Below are entries. Give back exactly the lines from the one containing "Population pyramid for" through the one containing "Top 2022 ventes", inclusive, without the pictures.

**DATASET CONTENT**
____

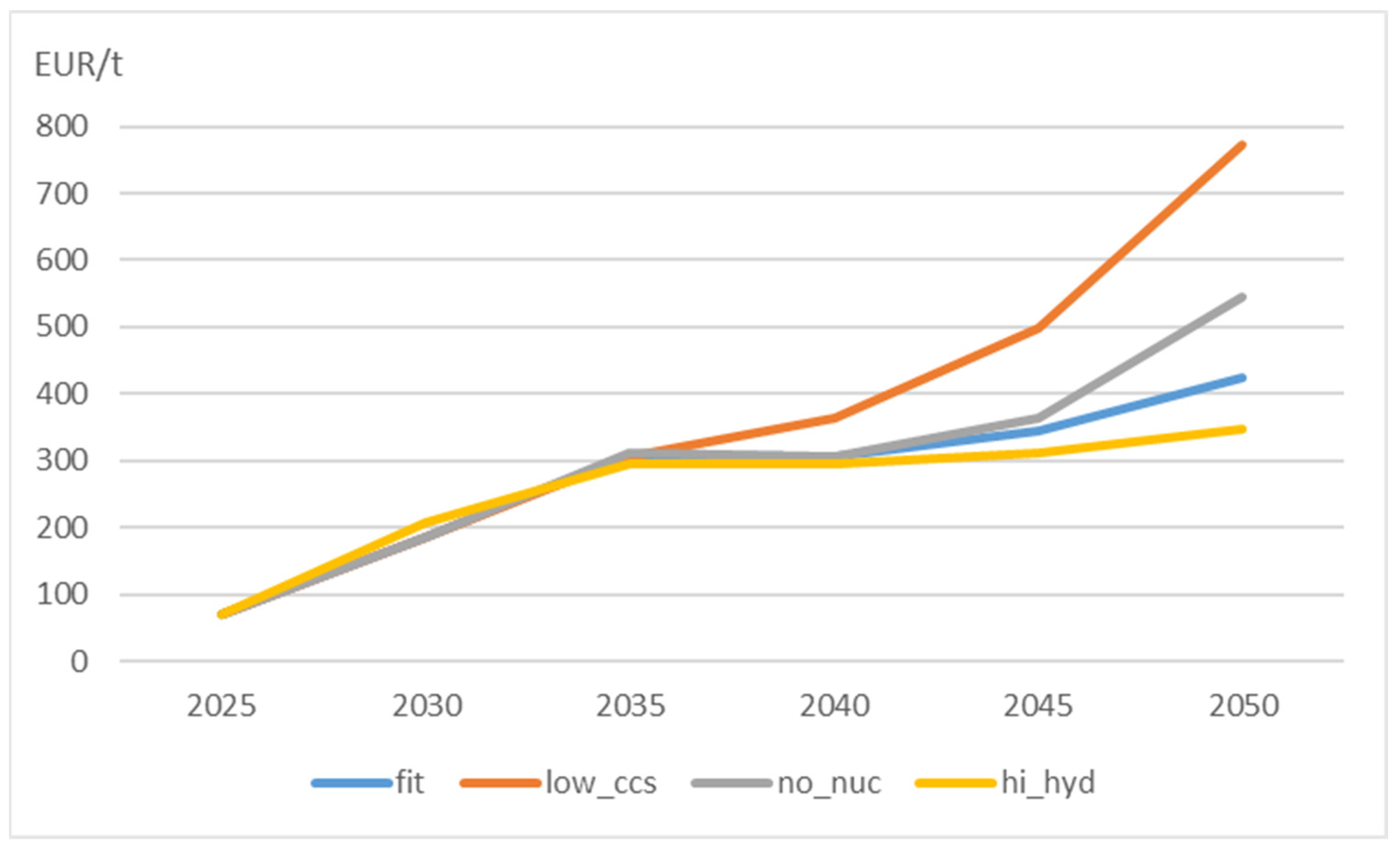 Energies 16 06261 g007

____

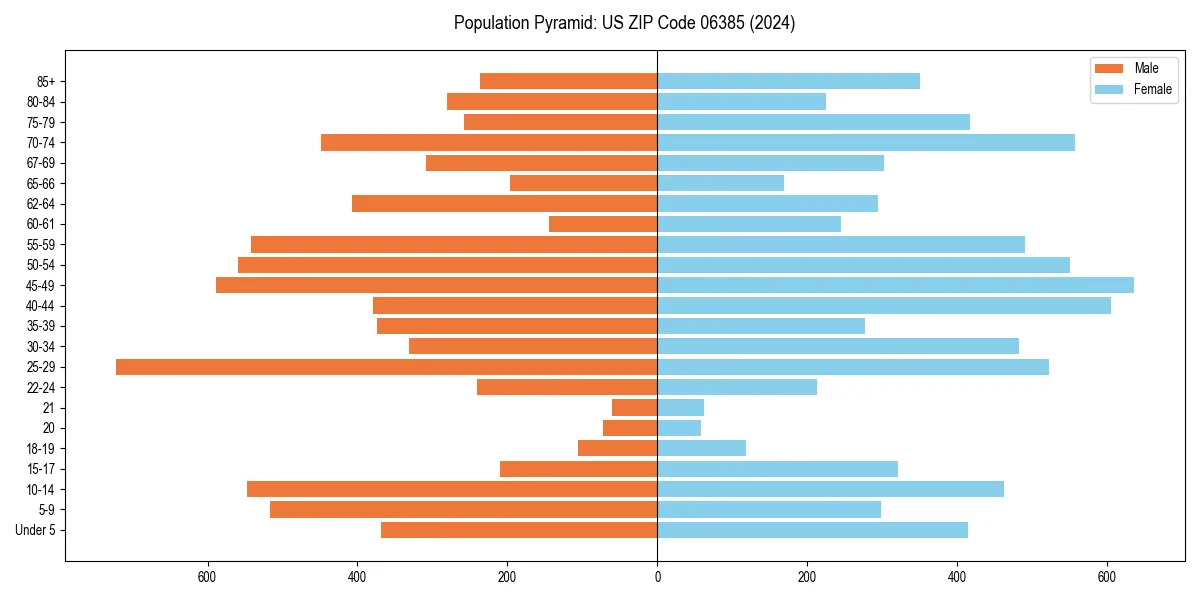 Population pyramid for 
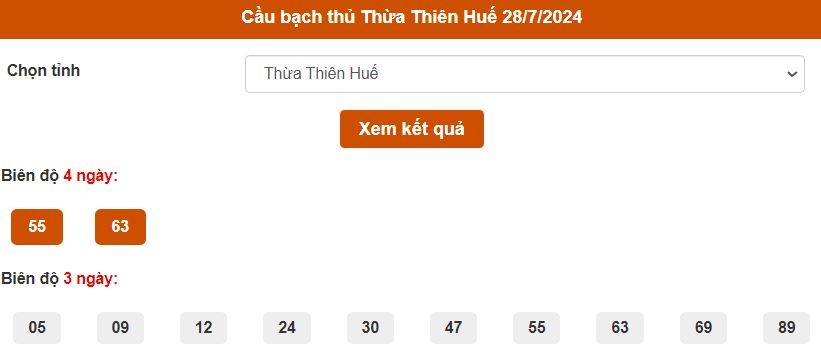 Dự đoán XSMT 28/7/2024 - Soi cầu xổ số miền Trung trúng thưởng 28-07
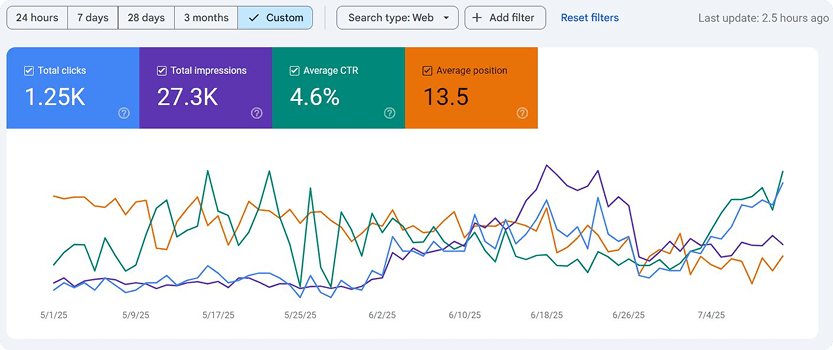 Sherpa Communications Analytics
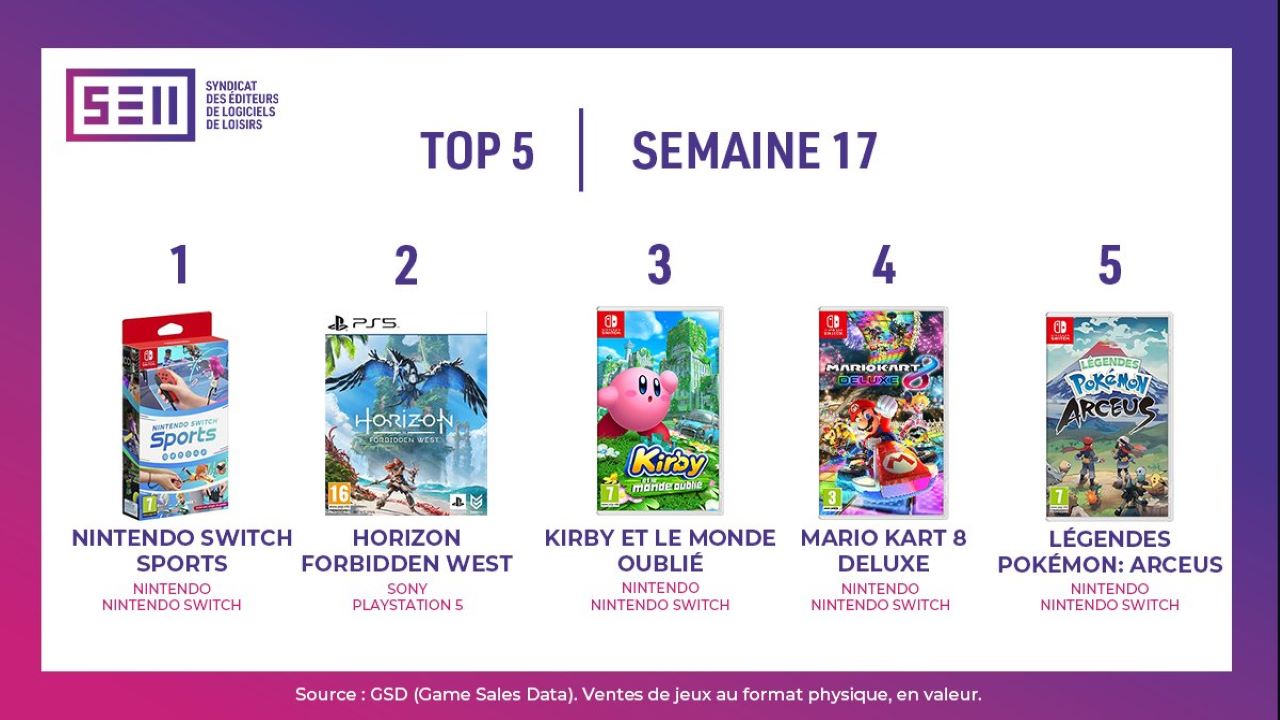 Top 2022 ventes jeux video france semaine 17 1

____

**EXERCISE RESULT**
 Population pyramid for 
 Dự đoán XSMT 28/7/2024 - Soi cầu xổ số miền Trung trúng thưởng 28-07
 Sherpa Communications Analytics
 Top 2022 ventes jeux video france semaine 17 1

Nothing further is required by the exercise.